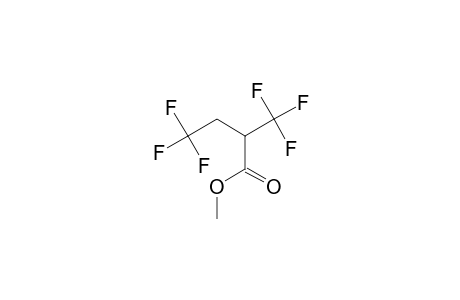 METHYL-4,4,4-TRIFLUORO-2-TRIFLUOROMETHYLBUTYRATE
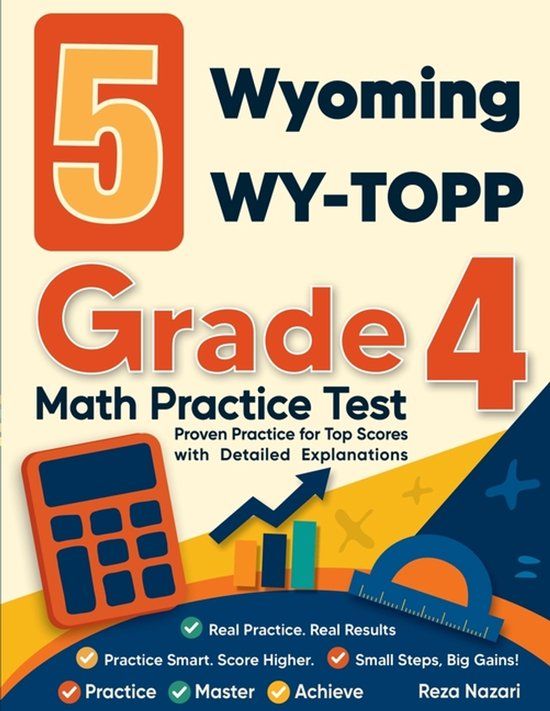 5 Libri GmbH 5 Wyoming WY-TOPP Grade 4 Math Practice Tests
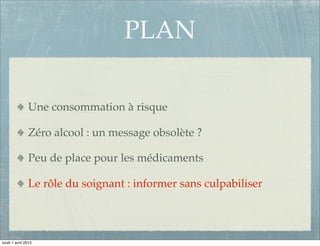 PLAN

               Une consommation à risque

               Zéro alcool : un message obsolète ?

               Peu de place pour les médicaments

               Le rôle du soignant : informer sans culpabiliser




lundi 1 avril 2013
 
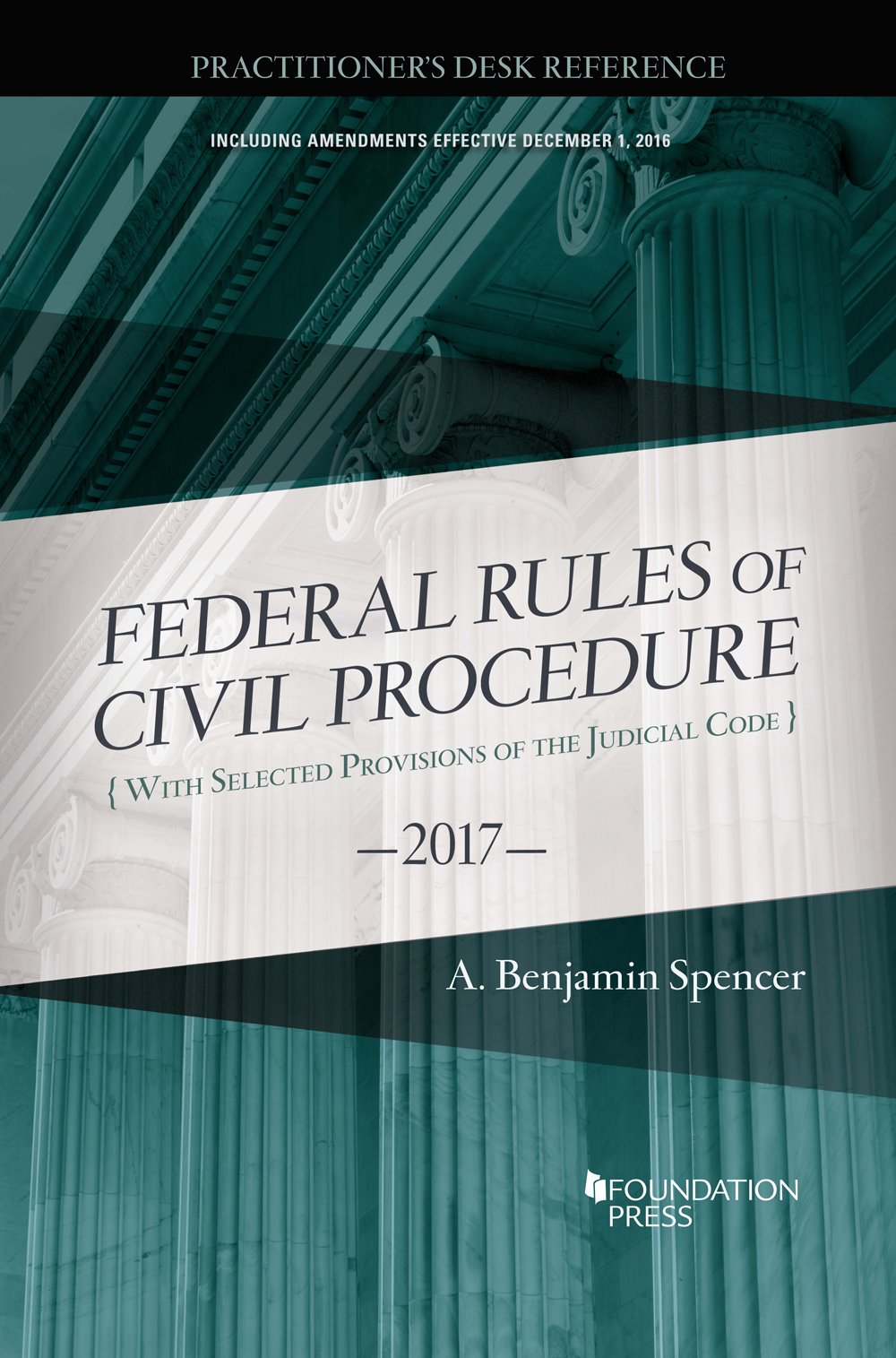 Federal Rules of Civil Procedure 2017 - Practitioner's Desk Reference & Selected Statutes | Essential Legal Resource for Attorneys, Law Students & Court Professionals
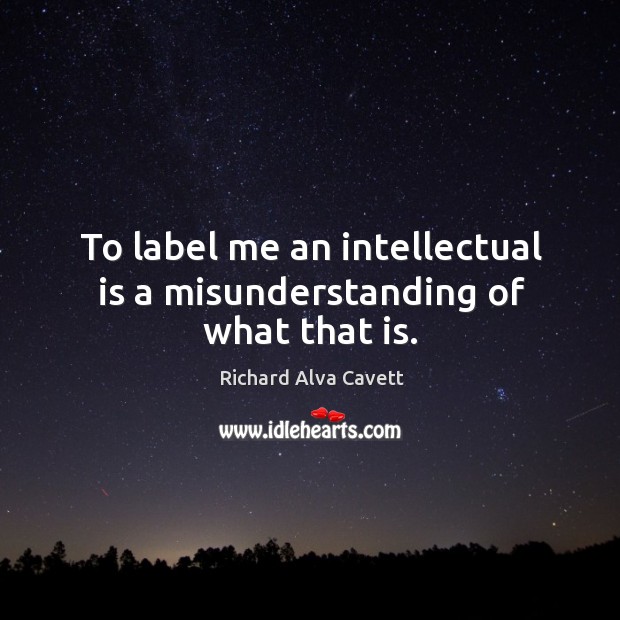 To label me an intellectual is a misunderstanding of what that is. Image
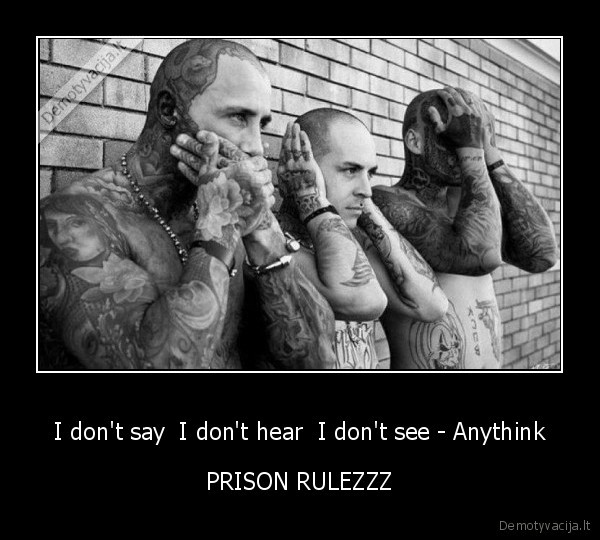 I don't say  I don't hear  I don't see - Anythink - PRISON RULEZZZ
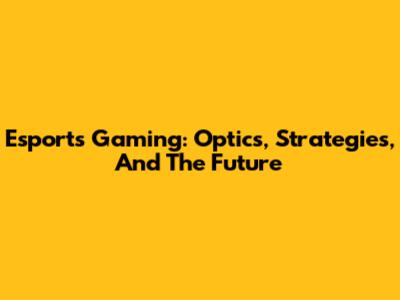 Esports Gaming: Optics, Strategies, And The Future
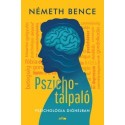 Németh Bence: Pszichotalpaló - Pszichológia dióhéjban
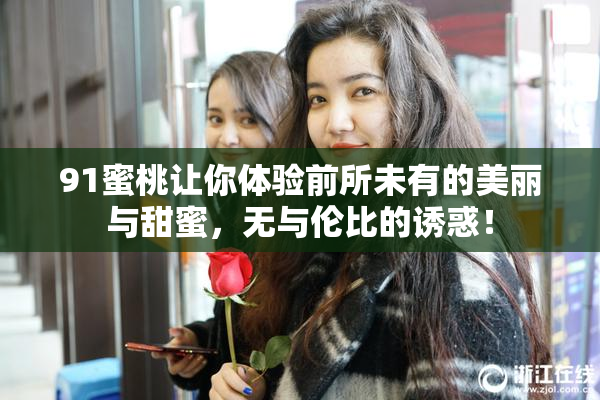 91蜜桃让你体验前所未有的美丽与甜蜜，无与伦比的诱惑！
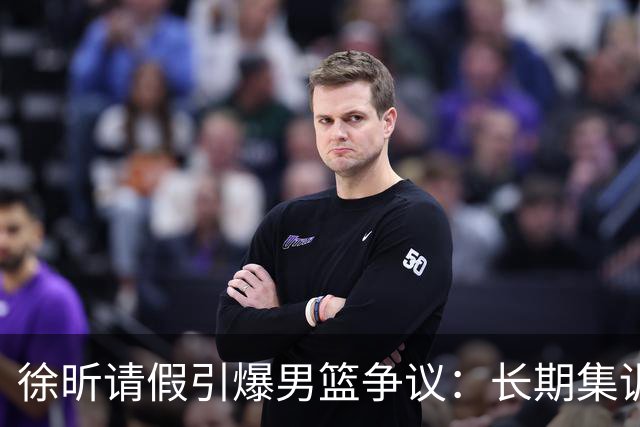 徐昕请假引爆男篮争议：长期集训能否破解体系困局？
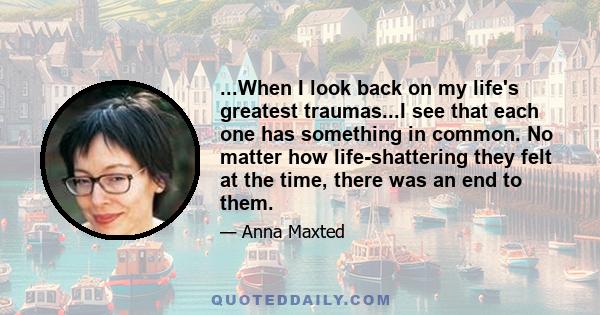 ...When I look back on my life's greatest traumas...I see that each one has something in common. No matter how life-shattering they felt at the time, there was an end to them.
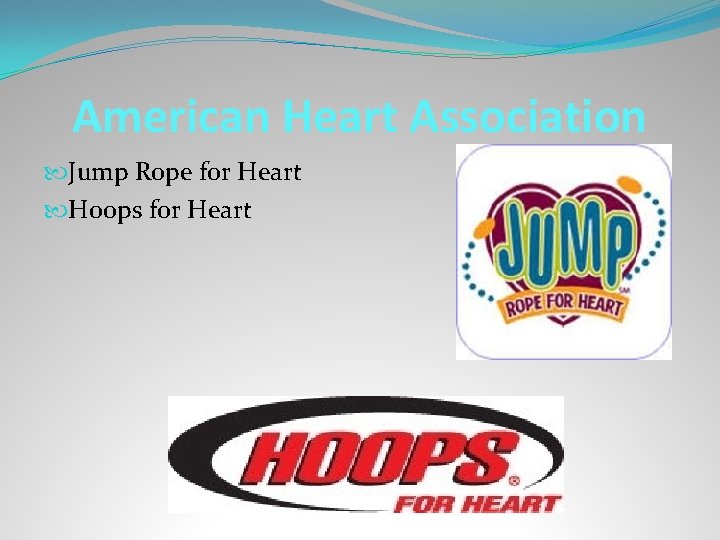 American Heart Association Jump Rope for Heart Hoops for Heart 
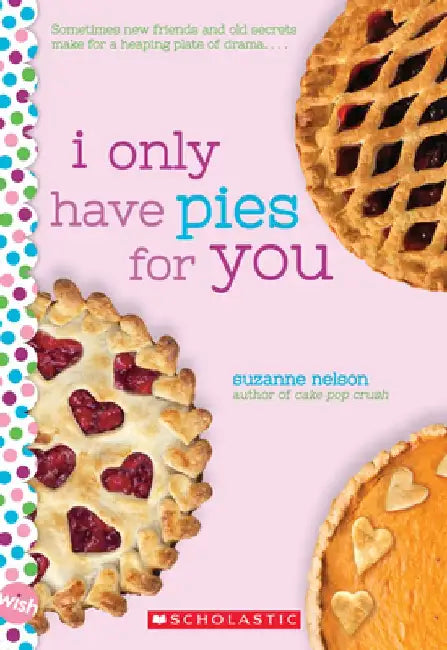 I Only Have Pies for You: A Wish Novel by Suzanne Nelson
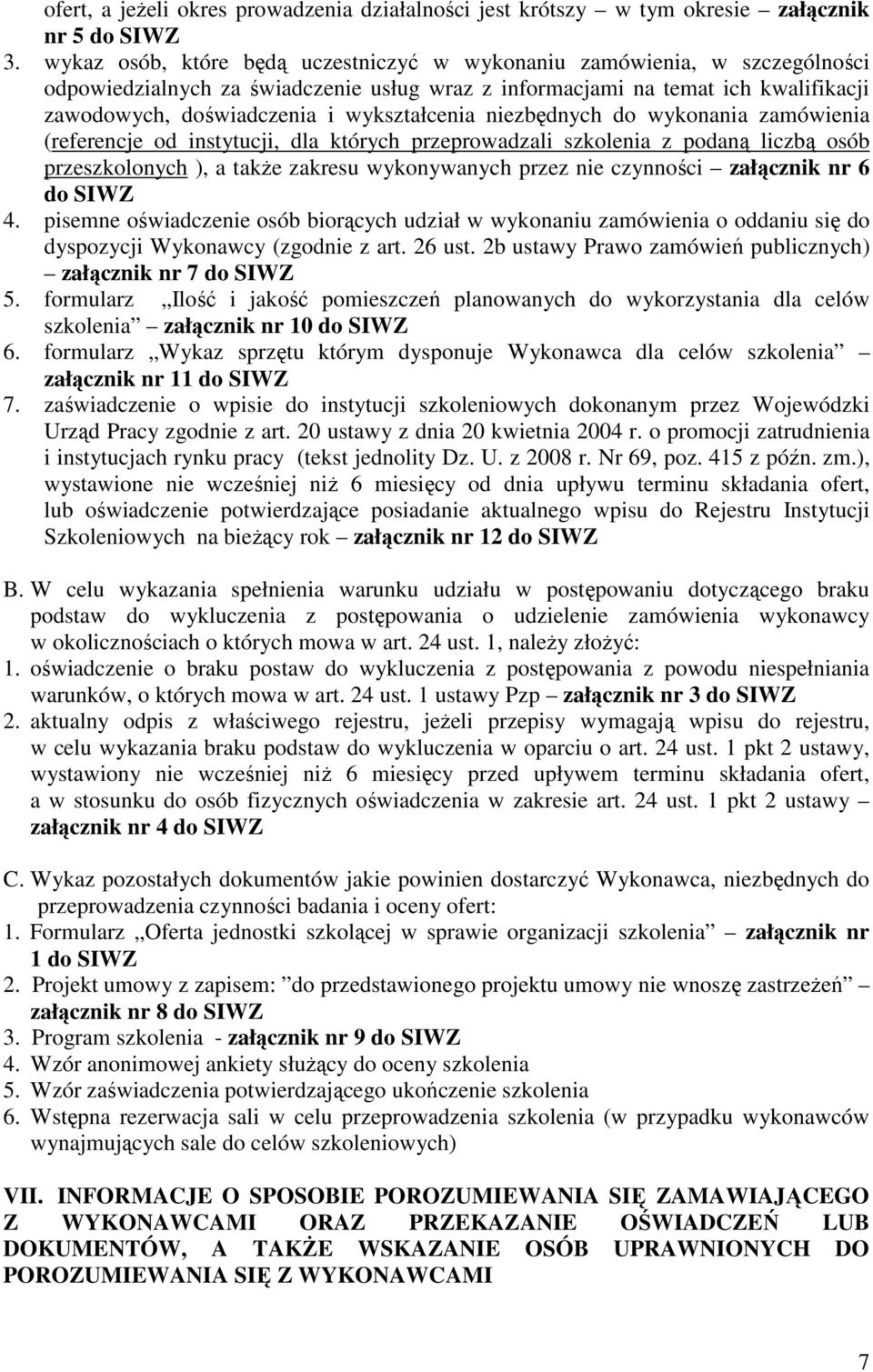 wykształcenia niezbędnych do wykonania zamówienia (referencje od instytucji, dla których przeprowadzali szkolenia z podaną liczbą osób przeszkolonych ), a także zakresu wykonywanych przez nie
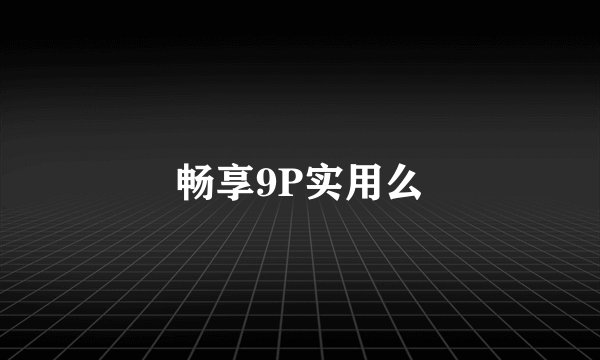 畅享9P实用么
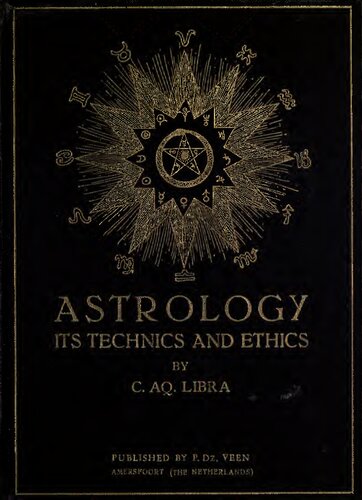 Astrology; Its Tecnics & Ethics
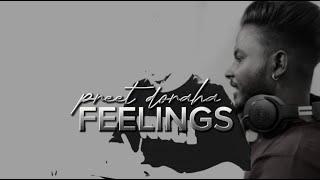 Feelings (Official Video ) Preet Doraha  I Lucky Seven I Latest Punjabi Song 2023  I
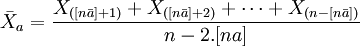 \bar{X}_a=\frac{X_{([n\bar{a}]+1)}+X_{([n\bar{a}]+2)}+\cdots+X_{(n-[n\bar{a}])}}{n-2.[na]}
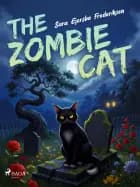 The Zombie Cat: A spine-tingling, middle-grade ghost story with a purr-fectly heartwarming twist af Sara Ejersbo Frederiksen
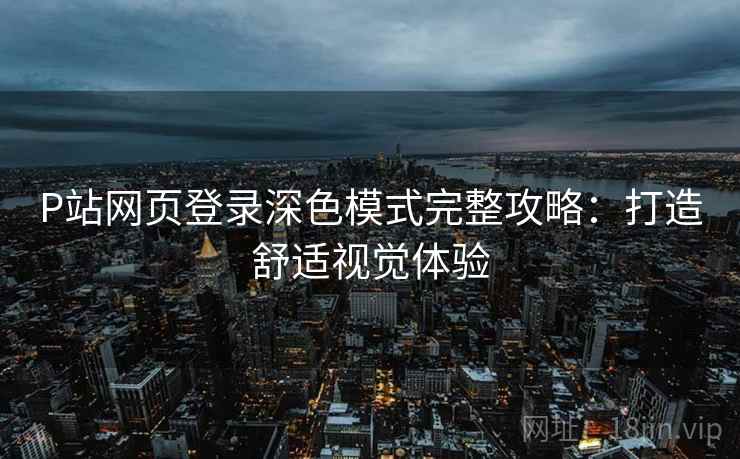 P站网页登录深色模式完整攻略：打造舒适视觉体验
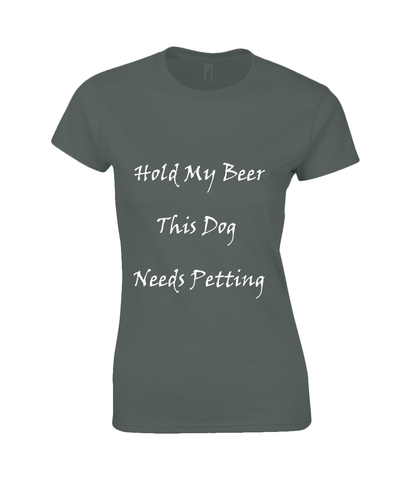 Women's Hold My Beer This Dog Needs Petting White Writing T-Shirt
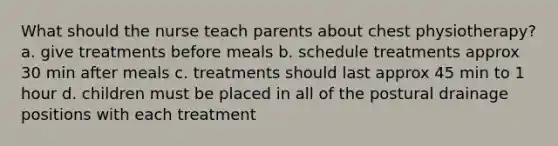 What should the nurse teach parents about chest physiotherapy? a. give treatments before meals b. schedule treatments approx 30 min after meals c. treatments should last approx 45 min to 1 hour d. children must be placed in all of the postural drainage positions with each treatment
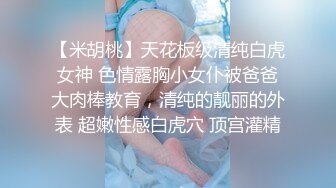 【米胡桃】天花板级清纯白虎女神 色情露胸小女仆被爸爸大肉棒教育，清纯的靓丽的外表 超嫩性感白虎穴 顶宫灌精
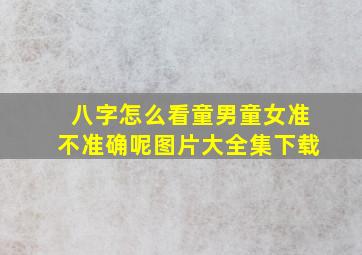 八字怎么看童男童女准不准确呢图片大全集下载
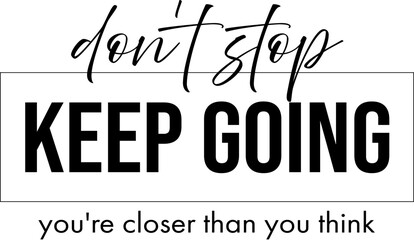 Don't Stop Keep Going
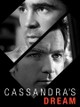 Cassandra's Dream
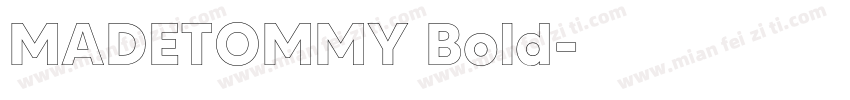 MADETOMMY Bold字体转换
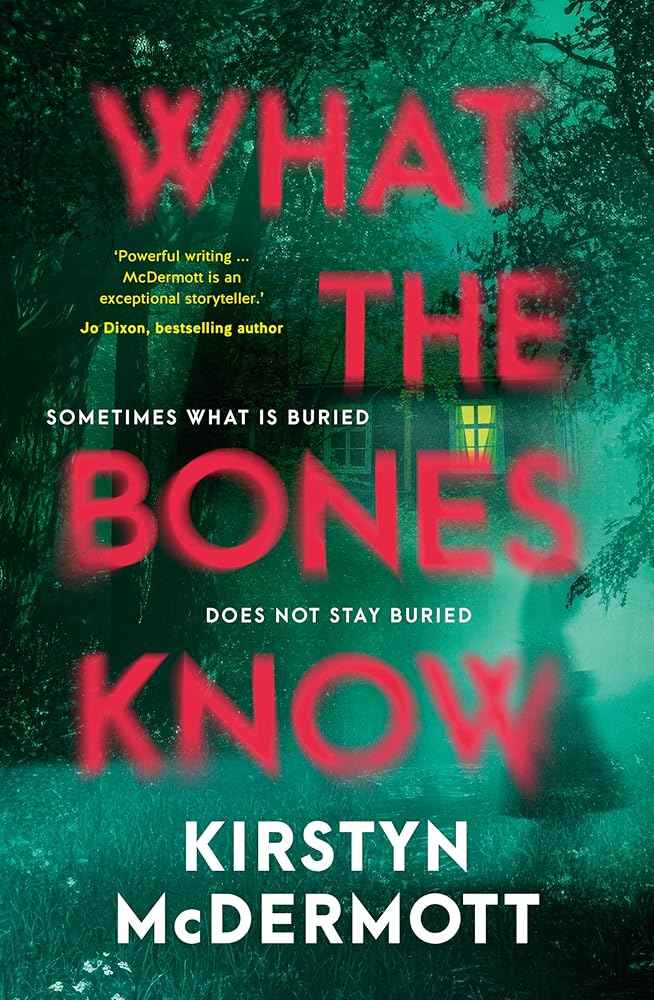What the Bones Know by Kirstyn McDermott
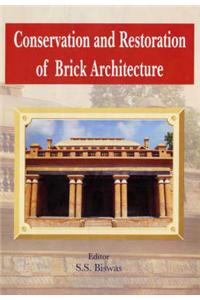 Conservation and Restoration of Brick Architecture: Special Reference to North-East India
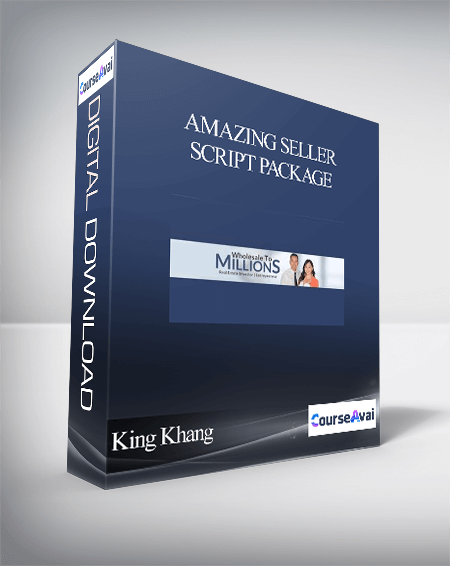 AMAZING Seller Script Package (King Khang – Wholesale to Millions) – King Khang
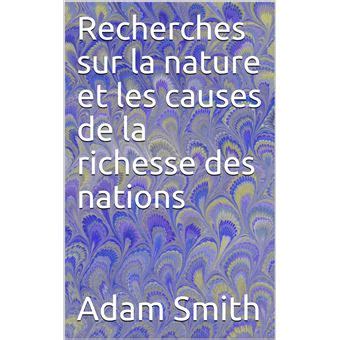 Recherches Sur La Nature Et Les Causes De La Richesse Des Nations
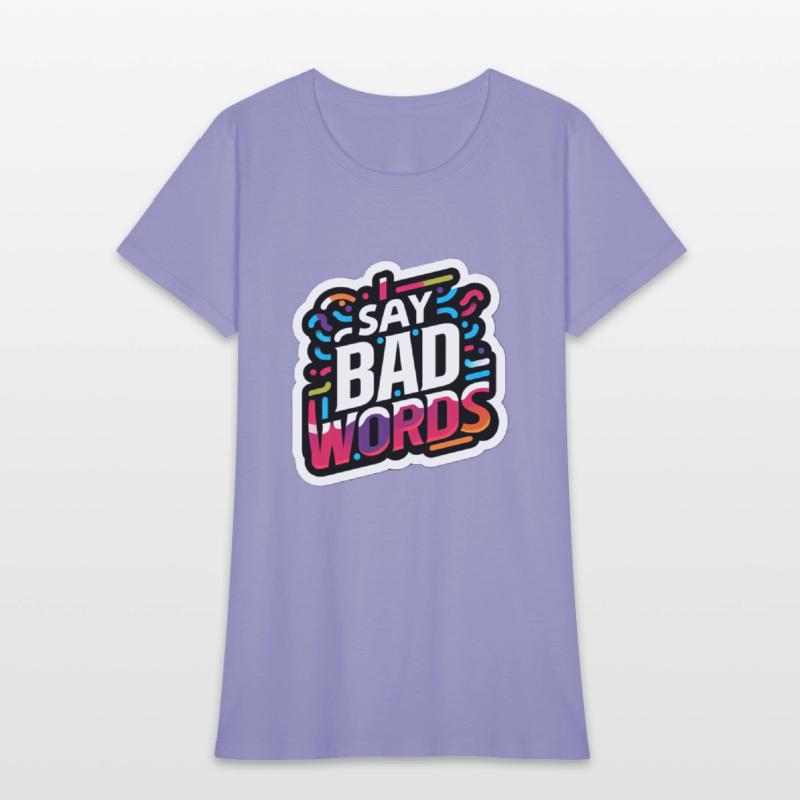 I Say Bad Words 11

————

- GOAL OF THE EXERCISE -
Only the lines from the one that contains "色情露胸小女仆被爸爸大肉棒教育，清纯的靓丽的外表 超嫩性感白虎穴 顶宫灌精" through the last line of the records may appear in the answer, retyped exactly and with no pictures.

- YOUR SOLUTION -
 【米胡桃】天花板级清纯白虎女神 色情露胸小女仆被爸爸大肉棒教育，清纯的靓丽的外表 超嫩性感白虎穴 顶宫灌精
 八字怎么看童男童女准不准确呢图片大全集下载
 Don't Stop Keep Going
 Cassandra's Dream
 MADETOMMY Bold字体转换
What the Bones Know by Kirstyn McDermott
 Conservation and Restoration of Brick Architecture: Special Reference to North-East India
 AMAZING Seller Script Package (King Khang – Wholesale to Millions) – King Khang
 Recherches Sur La Nature Et Les Causes De La Richesse Des Nations
 I Say Bad Words 11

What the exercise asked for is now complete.